Proof: Note $R[x,y]=R[y][x]$. Let $S=R[y]$. We will show $f(x,y)$ is irreducible in $S[x]$. By Eisenstein's Criterion, let $p=y$,
- $y | a_0=y, a_1=3y, a_2=0, a-3=y, a_4=0, a_5=y, a_6=0$
- $y \nmid a_7=1$
- $y^2 \nmid a_0=y$
Why is $y$ a prime in $S$? Notice that $S/(y)=R[y]/(y)\cong R$ and $R$ is integral domain. So $(y)$ is a prime ideal in $S$, and hence $Y$ is a prime element in $S$.
Q.E.D.
(b) Let $K=F(\frac{x^7}{x^5+x^3+3x+1})$, where $F$ is a field. Determine $[F(x): K]$.
I think that I need to first show whether $x^5+x^3+3x+1$ is irreducible or not.
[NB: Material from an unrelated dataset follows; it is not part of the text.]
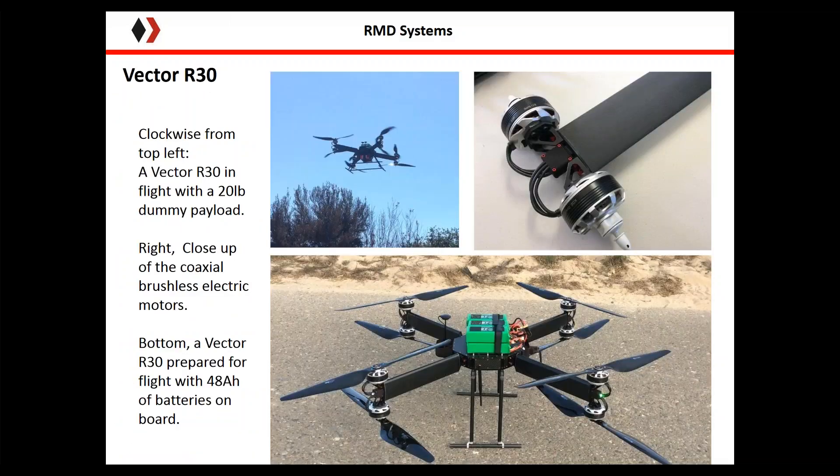Here are some more close-up shots of the vehicle. The picture in the upper left is from our original trials, where we were doing all of our testing with a 20-pound dummy weight. With that 20-pound dummy weight, we saw flight times between 25 and 28 minutes.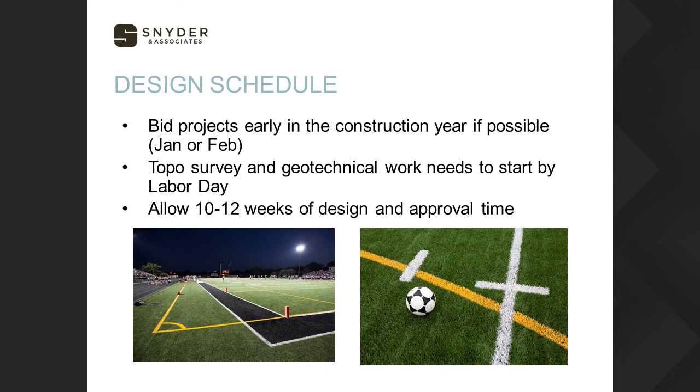Design schedules follow a similar approach to what was described for track. We want to take advantage of January or February bidding because turf manufacturers start taking orders in March and April. We want to be near the beginning of the line and have control over when our turf products arrive, rather than being last and potentially not receiving turf until late summer. Same 12-week design time applies, and we want to get geotechnical work going a little earlier since there's more design involved — targeting January or February bid times, not March or April.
But I'm not sure if that is right or how to show that or how to follow from there. Can I get some help?
Let $y=\frac{x^7}{x^5+x^3+3x+1}$, this is an element of $K$. We get:
$x^7-yx^5-yx^3-3yx-y=0$
Just like before, you can show that the polynomial $t^7-yt^5-yt^3-3yt-y\in K[t]=F(y)[t]$ is irreducible over $K=F(y)$, and so it is the minimal polynomial of $x$ over this field. So $[F(x):K]=[F(y)(x):F(y)]=7$.